In a typical work week, an easy ten-minute trip to a transit station and back will generate most of the physical activity that the CDC recommends for health. This intervention, worthwhile for its economic and transportation benefits, will also save Californians millions of dollars in health care costs. The intervention is effective even with the use of electric-assist bikes. Studies show their users also get exercise, and, if the motor-assisted top speed is limited to the speed of a regular bicycle (approximately 17 mph), e-bikes are no more dangerous than traditional bikes.
4. Enforce regulations to ensure safe sidewalks.
Riders need to operate scooters and bikes on sidewalks in most areas in California, and they should park them out of the pathway of pedestrian travel. Carelessly parked scooters and bikes are especially hazardous for people with vision impairments. That was a severe problem when these devices were first dropped on city streets, often without permission from the local authorities. Today, many shared mobility operating permits require users to park their devices on a pole or at a station where they are out of the way and document such safe parking with a photo to end the rental. These regulations are allowed by existing California law (AB 1286, 2020) and should be standard across the state. Most crucially, they must be enforced.
AB 371 includes a provision to require scooters and bike-share companies to identify each vehicle with a unique number in Braille so that vision-impaired pedestrians can report improperly parked devices. That is a simple provision that CalBike supports. However, a better solution is to prevent the hazard in the first place. Sidewalks must always be free of obstacles, including illegally parked cars.

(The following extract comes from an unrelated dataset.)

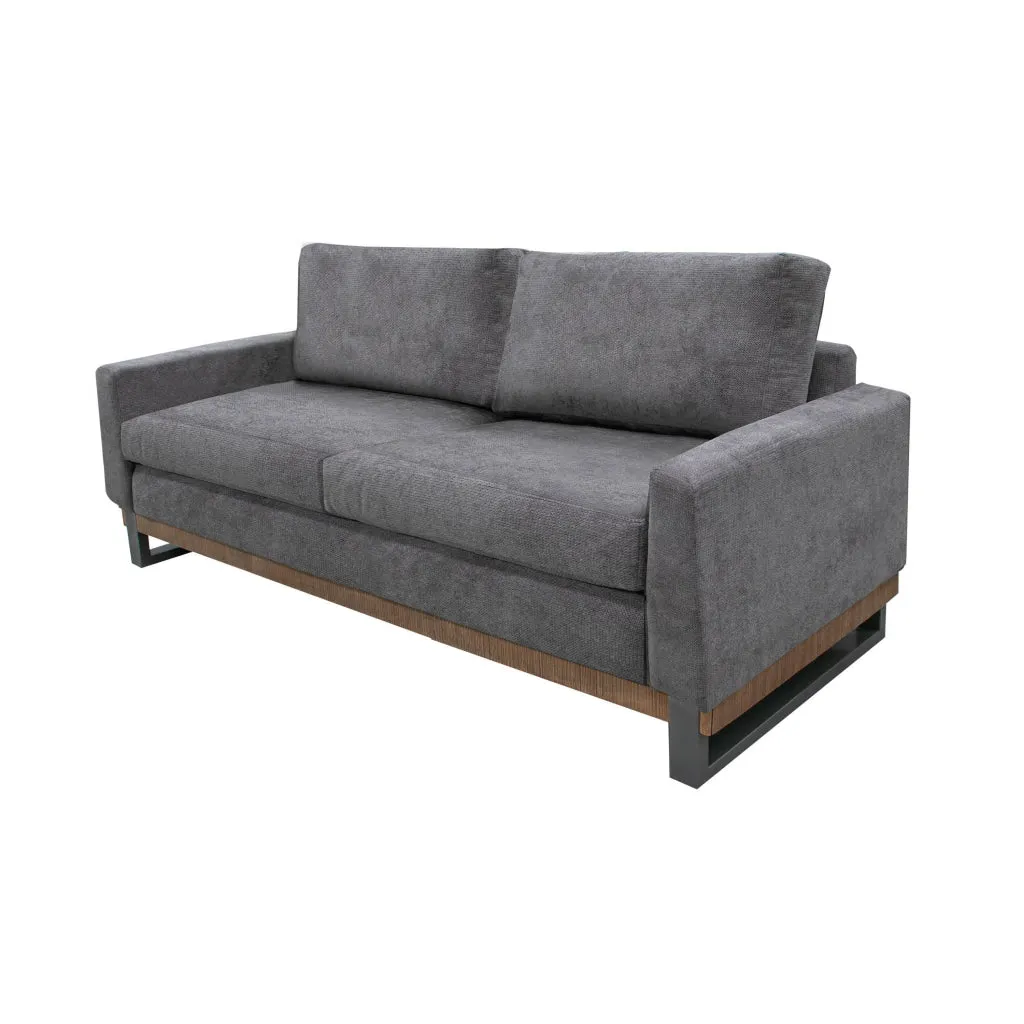 Dome Loveseat, 2 Accent Pillows, 63 Inch, Solid Pine Wood, Gray Polyester By Casagear Home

Support equitable shared micromobility because our future depends on it
Everyone deserves to walk wherever they want on safe sidewalks free of hazards and obstacles. They deserve to be able to cross the street without fear of getting hit. Critically, they deserve a future that is not ravaged by climate change. This security is dependent upon a reduction in automobile use. We must reduce traffic to slow speeds, build protected bikeways and better transit, wider sidewalks, and better crosswalks.
Without shared micromobility, we will not reduce Californians’ debilitating dependence upon automobiles. We support the intent of AB 371 to protect pedestrians. As currently drafted, however, it will destroy the potential that shared micromobility has to transform our transportation system to improve the health and safety of everyone who uses our streets.